In intuitive terms: Let's say I ask you to throw a dart at a dartboard. To keep things simple, assume the face of the dartboard has an area of 1 square meter, and that you are equally likely to hit any spot on the dartboard. What is the probability that the dart will land at a particular point on a dartboard?
We can approximate this by discretizing the dartboard and thinking of it as a bunch of tiny squares that are 1 millimeter on each side. In that case, the probability of landing in a specific square is 1 in a million. But this is an approximation, and we're not really happy with it, so perhaps we can divide the dartboard into "points" that are 1 micrometer on each side. Now that we have a finer granularity, the chances of hitting a specific point are 1 in a trillion.

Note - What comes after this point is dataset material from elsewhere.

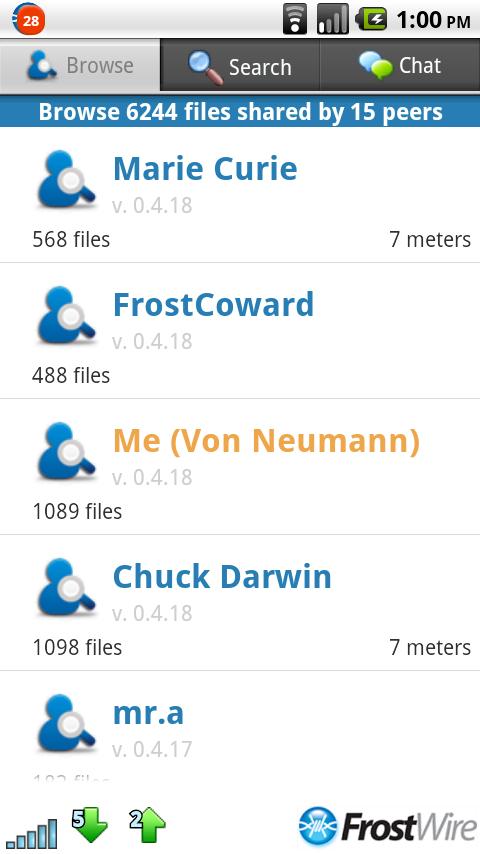 FrostWire Android Communication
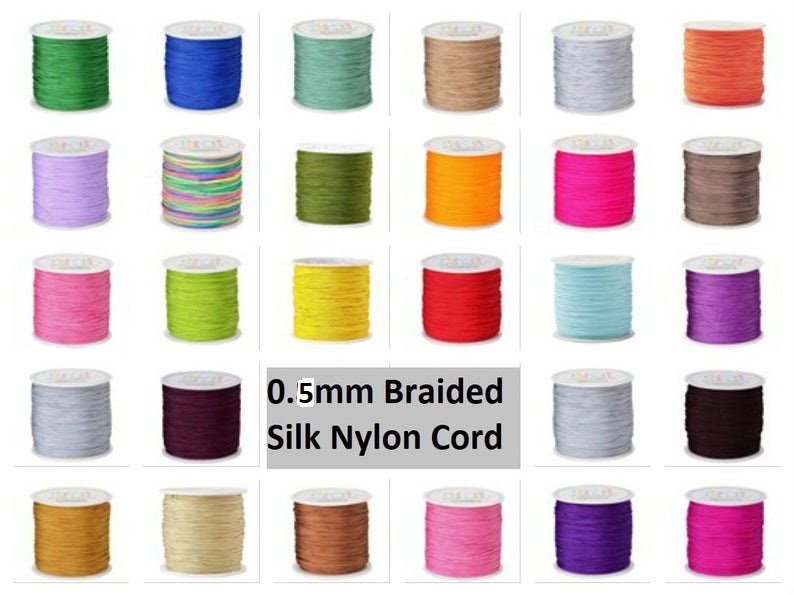0.5mm Braided Nylon Cord Silk Chinese knotting cord macrame thin stro…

Of course, this is still an approximation, and we want to be exact, so let's look at individual molecules on the dartboard's surface. What is the probability of hitting a specific molecule? It'll be a tiny number -- maybe something like 10^-30. In the pursuit of accuracy, we can go beyond molecules to atoms or even to quarks. As we get closer and closer to defining a point as being infinitesimally small, the probability of hitting that point gets infinitesimally close to 0.
In a continuous distribution, a "point" is the same as a "point" the dartboard -- it's dimensionless. You can get non-zero probabilities if you approximate the point with some interval, but as the interval shrinks your probability will approach 0.
In math terms: Probability of an event = (# of outcomes that lead to that event) / (total # of outcomes)
In a continuous distribution, there's an infinite number of outcomes, so the probability of a specific outcome is 1/infinity, which is 0.